# EXERCISE INPUT
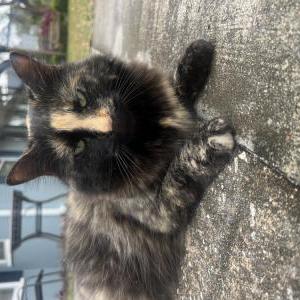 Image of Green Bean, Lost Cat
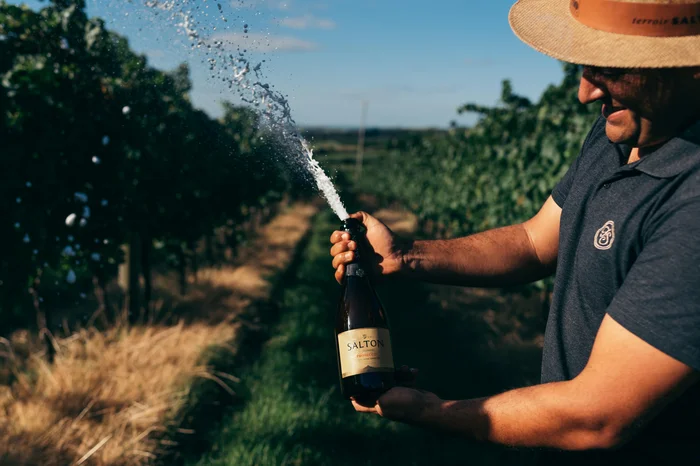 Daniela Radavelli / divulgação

==

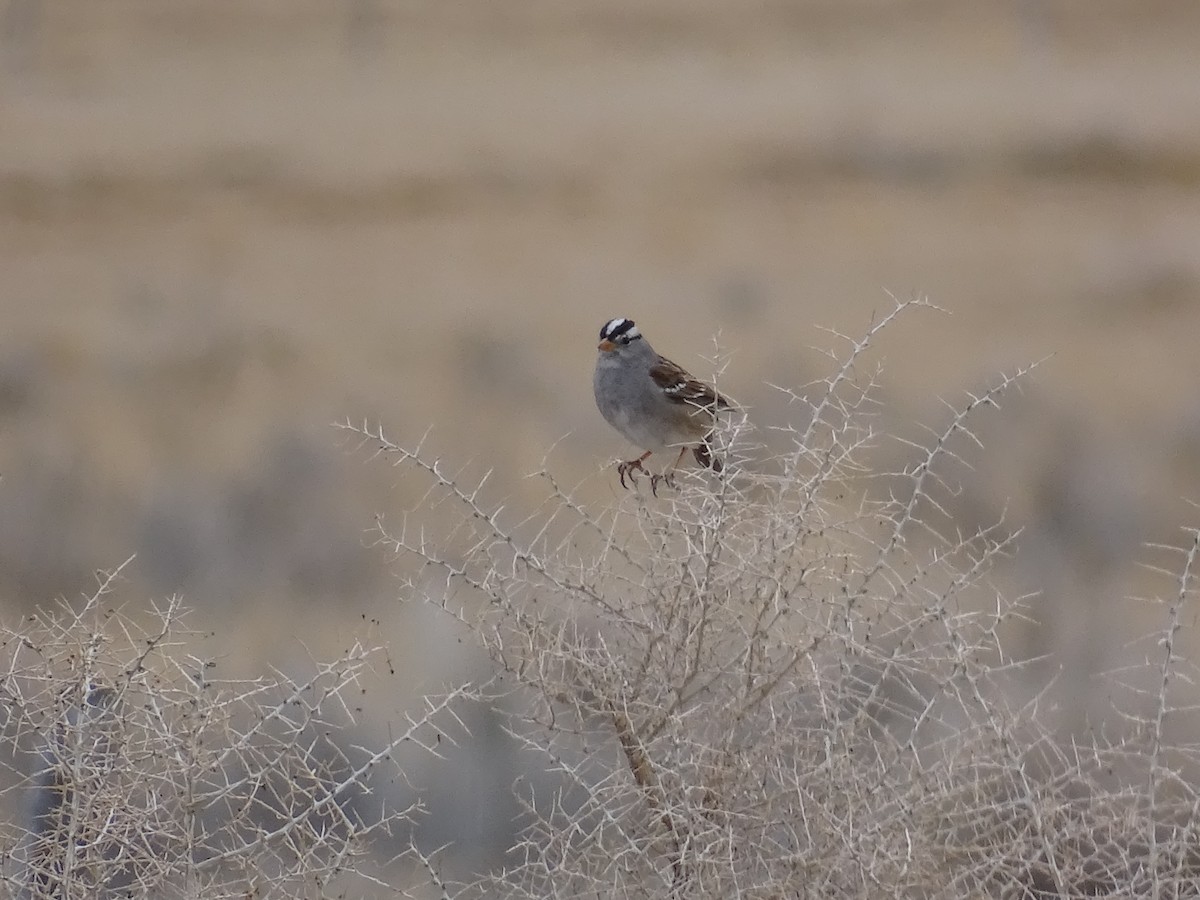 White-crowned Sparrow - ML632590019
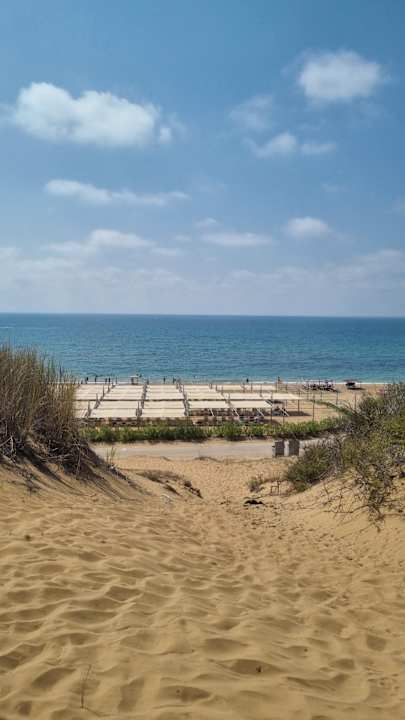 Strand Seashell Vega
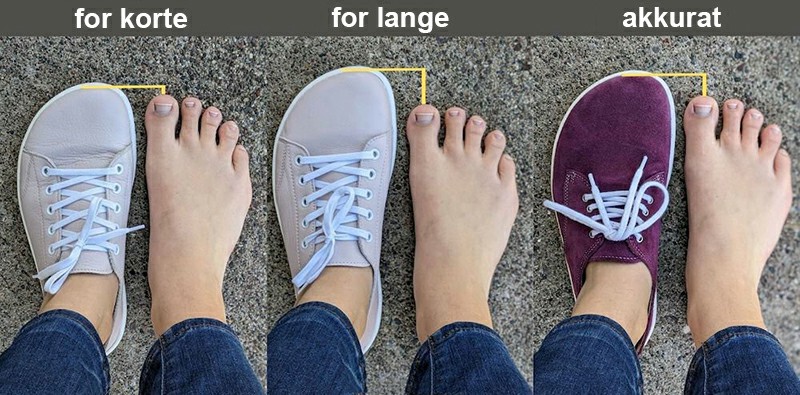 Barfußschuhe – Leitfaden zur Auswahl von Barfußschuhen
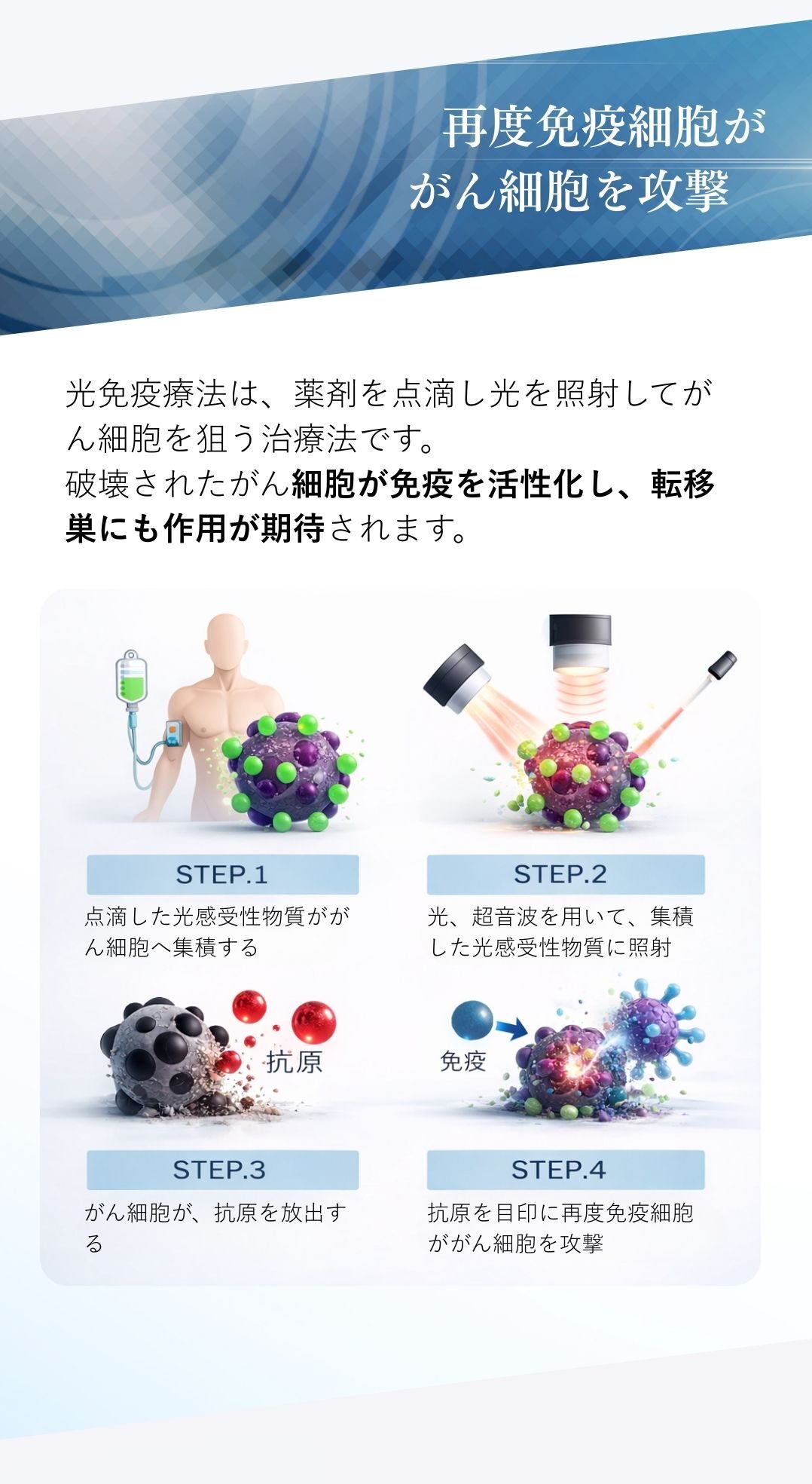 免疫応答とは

==

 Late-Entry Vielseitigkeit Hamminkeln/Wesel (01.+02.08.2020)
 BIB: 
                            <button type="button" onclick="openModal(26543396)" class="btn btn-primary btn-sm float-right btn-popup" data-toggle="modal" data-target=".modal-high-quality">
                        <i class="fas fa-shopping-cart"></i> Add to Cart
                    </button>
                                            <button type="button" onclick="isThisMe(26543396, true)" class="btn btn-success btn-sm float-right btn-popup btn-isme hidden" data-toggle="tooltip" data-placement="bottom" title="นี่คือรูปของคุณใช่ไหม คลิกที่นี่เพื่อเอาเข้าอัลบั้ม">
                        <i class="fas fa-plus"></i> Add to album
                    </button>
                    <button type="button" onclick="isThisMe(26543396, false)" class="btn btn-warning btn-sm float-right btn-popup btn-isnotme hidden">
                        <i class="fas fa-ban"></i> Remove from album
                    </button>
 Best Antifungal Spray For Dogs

# WORK REQUEST
In the entries above, find the line containing "Image of Green Bean, Lost Cat" and the line containing "Daniela Radavelli / divulgação", then copy both and every line between them exactly, without any picture.

# SOLVED PROBLEM
 Image of Green Bean, Lost Cat
 Daniela Radavelli / divulgação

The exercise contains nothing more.